妄想、空想、創造

近々刊行予定の『アメリカ大陸のナチ文学』は〈ボラーニョ・コレクション〉の最新刊で、ファン待望の一冊だと思います。タイトルから「いったいどんな本なの?」という興味が生まれると思いますが、決して評論ではありません。

簡単に言ってしまうと、アメリカ大陸(主にラテン)で、戦時中にナチとつながりがあった文学者30名ほどの略歴や人となり、作品解説などをまとめた文学者事典、あるいは文学者列伝です。とはいっても、そんな文学者が実際に存在したわけではなく、すべてボラーニョの創作、彼が頭の中で作りだした文学者であり、作品であり、そして彼らの活動なのです。

えーっ、30名もの架空の人をでっち上げたわけ?

はい、その通りです。ボラーニョ作品と言えば、これでもかというくらい人物を登場させる大パノラマが一つの特徴ですが、本書もその例に漏れず、それだけの文学者をボラーニョが作りだしたのです。巻末には、主な人物の索引的なリスト、彼らの活動の舞台となった主要な文芸誌(もちろん、それも架空)、そして文学者たちの作品リストが数ページにわたって掲載されています。ここまで来ると、もうご立派としか言いようがありませんね。
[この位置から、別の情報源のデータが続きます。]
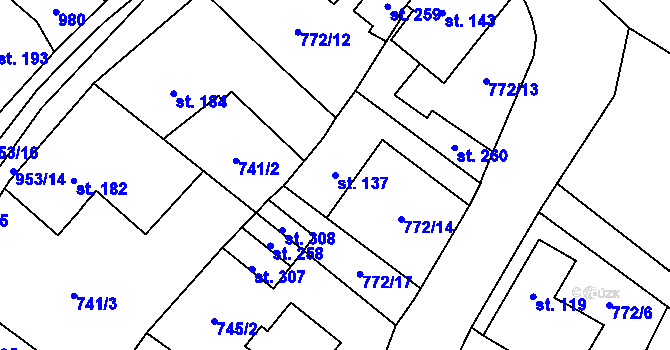 Parcela st. 137 v KÚ Chodouň, Katastrální mapa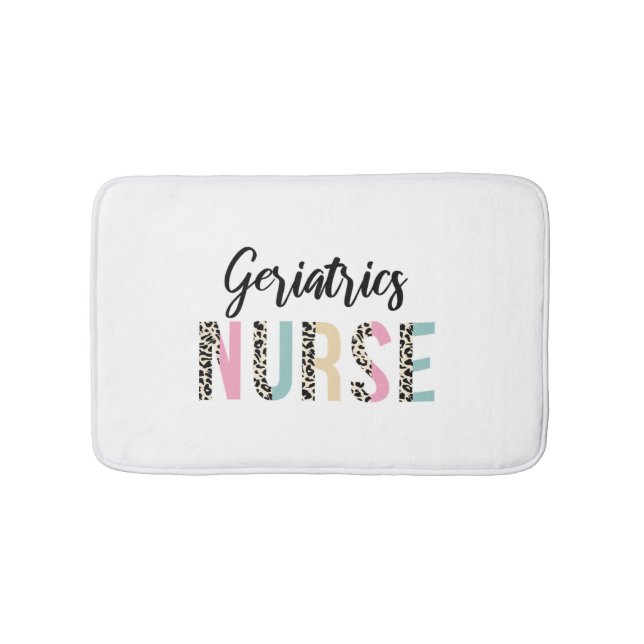 Geriatrics Nurse Cute Leopard Design - Funny Gift Badematte (Vorderseite)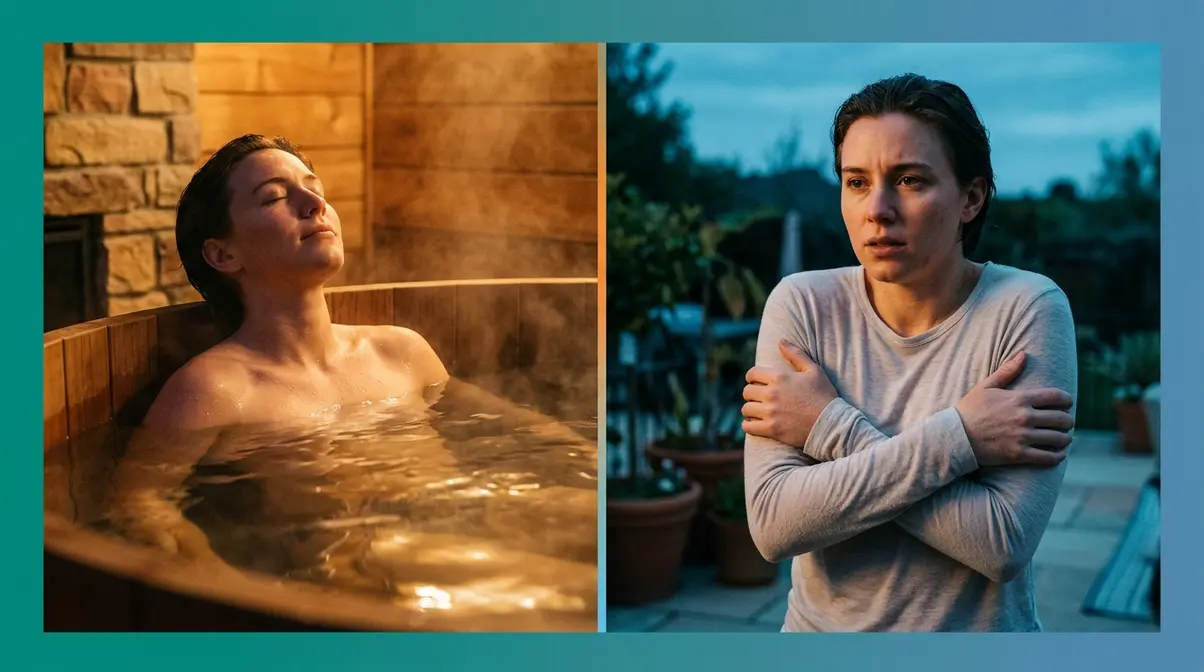 Person relaxed in hot tub versus tensing in cool air illustrating the chill effect muscle contraction
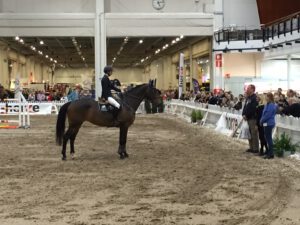 Susanna Granroth ja Anatevka (i. Ustinov) Helsinki Horse Fairin lauantain 140 cm:n palkintojenjaossa.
しかし、こういった作品、過去にもなかったわけではありません。近いところで探すなら、あたしの勤務先の刊行物にもこんなのがございます。

 

まずは『ユニヴァーサル野球協会』です。これも諸説です。野球小説と言えば当たらずといえども遠からず。ただし、実際に行なわれている野球ではありません。主人公の頭の中で毎晩繰り広げられる想像上の野球リーグの話です。日本にも野球盤といったおもちゃがありますが、ああいう盤ではなくサイコロを使って行なうものではありますが、どんな球種を投げるかだけではなく、各選手の特徴、その日の体調なども考慮し、なおかつ球団経営陣まで登場してしまうほどの規模です。なにせ数チームが存在し、リーグ戦を戦っているわけですから、すごいものです。いや、スゴいのは主人公の拘りというか集中力です。

そしてもう一点、『みんなの空想地図』、これもタイトルどおり、実際にはない架空の都市の都市地図です。子供の落書き程度の地図を想像したとしたら大間違いです。本書を手に取ってぜひその地図をご覧ください、これが架空なのかと思わせるほどの出来栄えです。著者曰く、街の規模から人口を決め、その人口規模であればどのくらいの商業施設が必要か、小学校や中学校はどのくらいあればよいのか、すべてきちんと計画して地図を作り上げているのです。

どうでしょう? これだけの妄想、いや空想。ここまで来ると、立派な創作です。偏執狂などと言ってはいけません。ここまでこだわり抜く、その精神力に脱帽です。